Sobre el Juramento Masónico: de mis conversaciones con Patrick Négrier

Entre las enriquecedoras conversaciones e intercambios epistolares que mantuve con el muy Querido Hermano, amigo filósofo y masonólogo, Patrick Négrier, pasado recientemente al Oriente Eterno, suponiendo una gran pérdida para la Orden, voy a acercar nuevamente a este espacio una reflexión sobre el juramento masónico.

Patrick Négrier, como siempre haciendo gala de una erudición y conocimiento extraordinarios, combinaba esas cualidades con la de la humildad de quien comparte con el prójimo por amor a la verdad en sí misma. Un regreso al método de la recepción del conocimiento mediante el estudio, el análisis, la reflexión vivencial, dejando al margen la vileza profana, la incapacidad de argumentar el disenso. Supone el regreso al intercambio mediante el debate inteligente sobre bases sólidas, contrastadas y libres de cualquier tipo de subyugación. Este es el estado al que muy pocos masonólogos han alcanzado, pues sí sus estudios son verdaderamente libres, y cada paso que han alcanzado en el avance de sus pesquisas, reflexiones e investigaciones, valen su peso en oro. Un estado de consciencia y actitud que está a años luz, por desgracia, de una inmensa mayoría de francmasones de joya de latón y mandil de lentejuelas.
Haber tenido su amistad me honrará para siempre, y le quedo eternamente agradecido por lo mucho que de sus guías y enseñanzas he conseguido en gran medida saciar mi sed del conocimiento y me ha permitido ver más luz a pesar de estar rodeado de tinieblas de todo tipo. Gracias Patrick por estar siempre ahí, eternamente.
Creo que es el momento en el que hay que precisar con la máxima precisión el elemento formal ritual, filosófico e incluso hermenéutico del contenido de nuestros actuales Rituales para ser coherentes, y así evitar confusiones atroces. Una vez más debemos esforzarnos por saber de dónde venimos, como mutamos, como evolucionamos y a donde vamos con las actuales estructuras rituales y sus corpus doctrinales. Por eso que el tema del juramento, no es un tema menor, y solo comprendiendo su precisa aparición contextuada adecuadamente, podremos llegar a entender el de compromiso en diferentes conceptos de la masonería del Siglo XVIII.
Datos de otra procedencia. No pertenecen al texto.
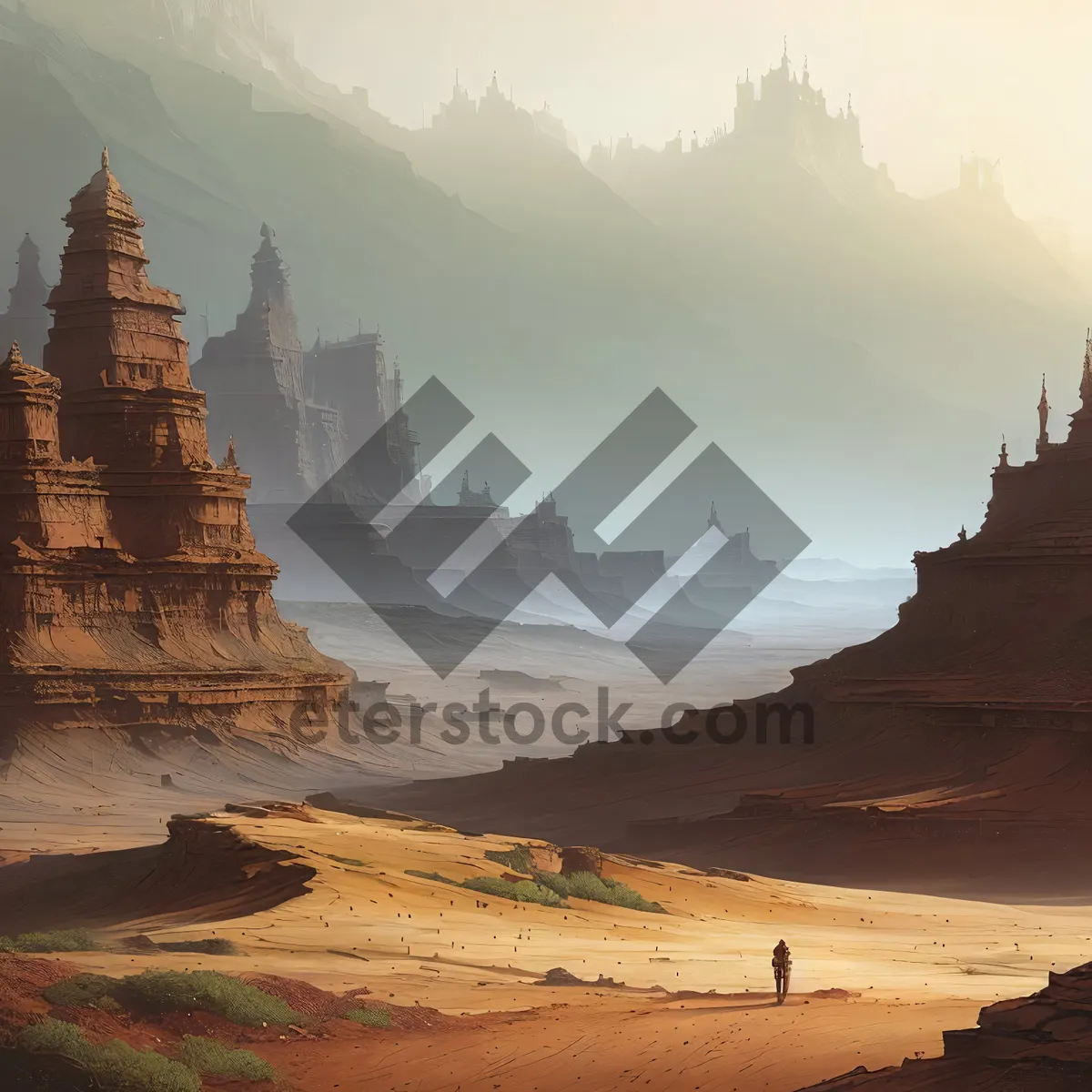 Picture of Ancient Desert Shrine Among Majestic Mountains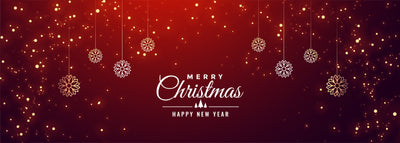 Merry Christmas And Happy New Year Sparkle Red Garage Door Mural Cover Banner Backdrop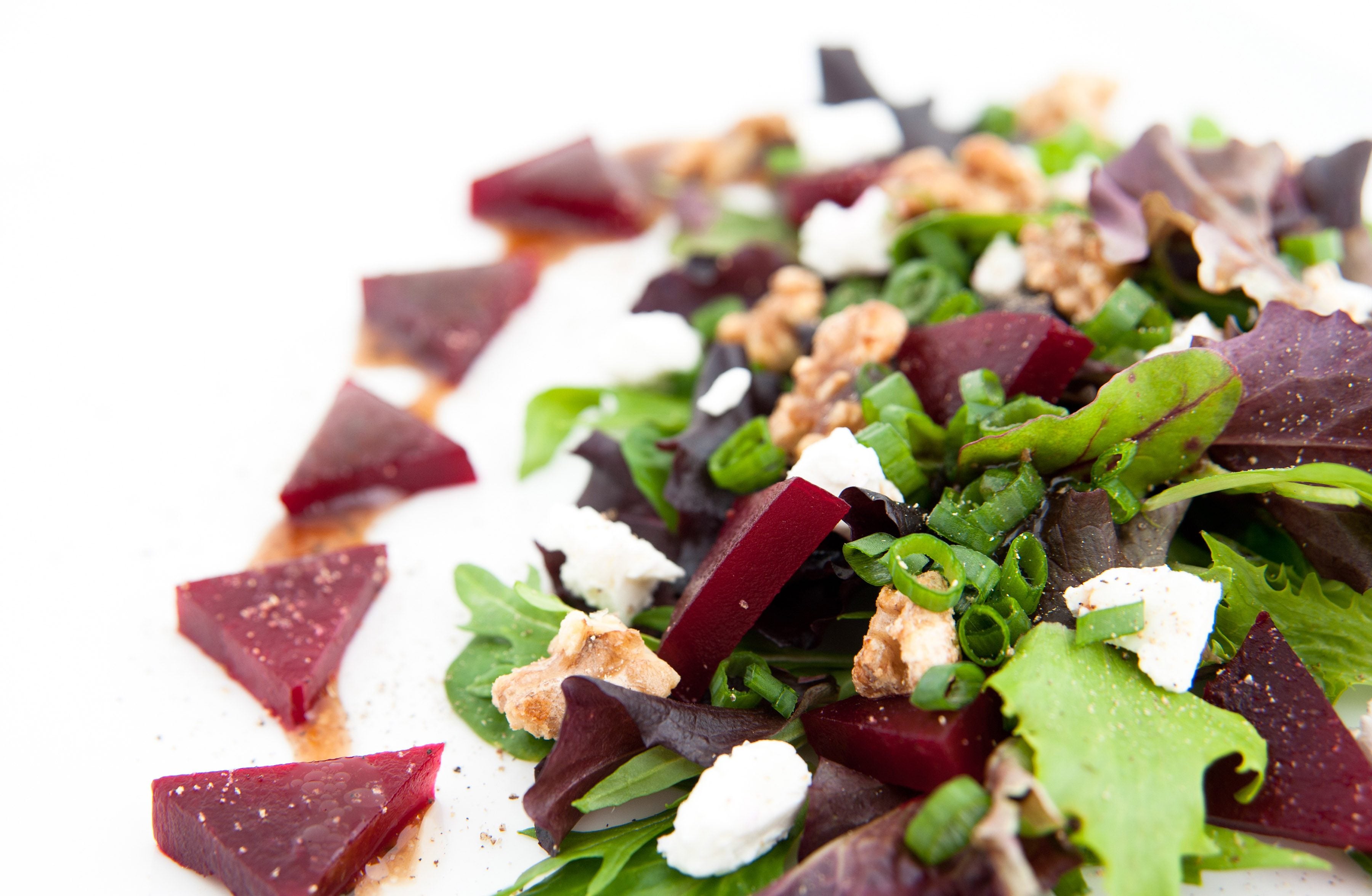 Roasted Beet & Pomegranate Salad with Candied Walnuts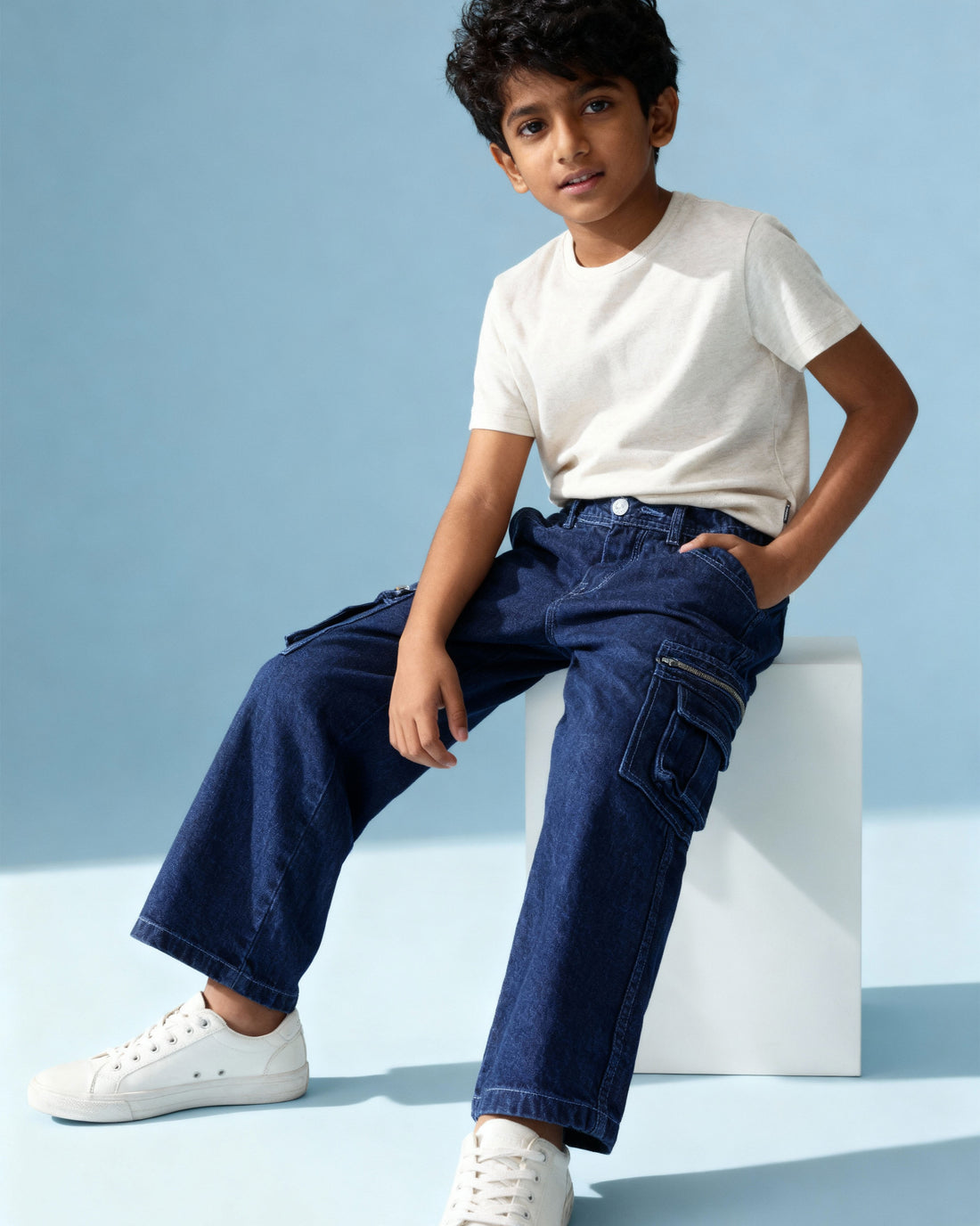 Trendy Boys Denim Cargo Jeans with Front Pockets and Zip Detailing - Blue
Joaquim Villalta, V Orden, Gr.·. 9 y Último del Rito Moderno o Francés, 33º R.E.A.A.
M.·. I.·.
Director de la Academia Internacional de la Vª Orden - UMURM
Gran Orador del Sublime Consejo del Rito Moderno para el Ecuador
Miembro Honorario del Soberano Grande Capítulo de Cavaleiros Rosa-Cruz de Portugal - Gran Capítulo General del Rito Moderno y Francés de Portugal
Miembro Honorario de la R.·. L.·. Estrela do Norte nº 553
Gran Canciller para Europa del Gran Oriente Nacional Colombiano
Miembro Honorario del Soberano Supremo Consejo del Grado 33 para el Escocismo de la República del Ecuador
Miembro del Supremo Consejo del Grado 33º y Último del Rito Escocés Antiguo y Aceptado de la Islas Filipinas
Miembro Honorario del Supremo Consiglio del 33º ed Ultimo Grado del R.S.A.A. per l’Italia e sue Dipendenze
Miembro del Suprême Conseil du 33e Degré pour la France du Rite Ancien et Accepté (Cerneau's Rite)
Pasado Presidente de la Confederación Internacional de Supremos Consejos del Grado 33º del R.·. E.·. A.·. A.·.
Muy Poderoso Soberano Gran Comendador del Supremo Consejo del Grado 33º para España del Rito Escocés Antiguo y Aceptado
Soberano Gran Comendador del Muy Poderoso Soberano Gran Consistorio de los Jefes Supremos de la Alta Masonería del Rito Escocés de Hérédom Antiguo y Aceptado
Gran Comendador del Soberano Gran Consejo de los Príncipes del Real Secreto de España, Rito de Perfección
Masonólogo


El Juramento Masónico (de mis conversaciones con Patrick Négrier)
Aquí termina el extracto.